Essays on the economic, political, and spatial dimensions for gender equality

  1. Barba Areso, Izaskun
Supervised by:
  1. Pedro Pascual Arzoz Director
  2. Vicente Ríos Ibáñez Director

Defence university: Universidad Pública de Navarra

Defense date: 27 March 2025

Committee:
  1. Elena Bárcena Martín Chair
Department: Economics
Universidad: Public University of Navarre

Type: Thesis

Abstract

This thesis explores the economic, political and spatial dimensions of women’s participation in the labor force and in political arenas, with a particular focus on the economic and political outcomes, as well as on the spatial diffusion of increasing female political participation worldwide.

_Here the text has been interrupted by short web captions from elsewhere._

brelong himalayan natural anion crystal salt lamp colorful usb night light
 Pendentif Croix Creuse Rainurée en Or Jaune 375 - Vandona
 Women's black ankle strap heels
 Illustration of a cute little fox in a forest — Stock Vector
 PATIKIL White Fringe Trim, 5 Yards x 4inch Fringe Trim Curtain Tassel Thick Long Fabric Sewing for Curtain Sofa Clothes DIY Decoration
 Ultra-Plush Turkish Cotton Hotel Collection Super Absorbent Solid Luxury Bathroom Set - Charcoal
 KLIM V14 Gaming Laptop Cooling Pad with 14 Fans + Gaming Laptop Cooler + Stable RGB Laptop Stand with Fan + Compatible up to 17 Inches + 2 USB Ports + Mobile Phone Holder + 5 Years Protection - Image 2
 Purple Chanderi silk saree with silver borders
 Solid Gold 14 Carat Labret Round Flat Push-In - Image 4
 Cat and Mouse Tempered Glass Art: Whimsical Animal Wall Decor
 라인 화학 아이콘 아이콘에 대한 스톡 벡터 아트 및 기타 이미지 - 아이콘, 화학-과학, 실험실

Chapter 1 analyzes the role of the healthcare sector in job creation within the European Union, more specifically on its capacity to integrate women and migrants into the labor market. This initial chapter uses a multicountry input-output model to assess the impact of health and social care demand on employment across the European Union. The analysis incorporates cross-country interactions and sectoral linkages, while employing Rasmussen coefficients and the hypothetical extraction method to identify key sectors for job creation. This methodology highlights the dual role of the healthcare sector in generating employment and perpetuating earnings disparities, particularly among women. Chapter 2 investigates the causal relationship between women’s political empowerment and air quality improvements in 230 European regions. Regional political and economic indicators, used alongside pollution data, enable a positive causal effect to be identified between increased political representation of women and better air quality outcomes. This is achieved by means of a cross-sectional regression analysis on a novel dataset combining high-resolution air pollutant data with political and economic indicators. Endogeneity is tackled by adopting a two-stage least squares model, partial identification methods and sensitivity analyses to ensure robustness. This study also explores the potential channels through which women’s empowerment affects air quality, such as policy stringency and institutional quality. Finally, Chapter 3 explores the spread of WPE across 142 countries from 1965 to 2023, using a dynamic spatial panel data model to account for cross-country spillovers. This approach employs a hybrid spatial weights matrix that includes geographical, trade, linguistic, migratory, and religious factors. Spatial Bayesian model averaging is used to select the optimal model and connectivity matrix, and heterogeneous effects are also considered. This analysis reveals a significant spillover effect from the women’s political empowerment levels of neighboring countries, as well as pronounced heterogeneity in the transmission.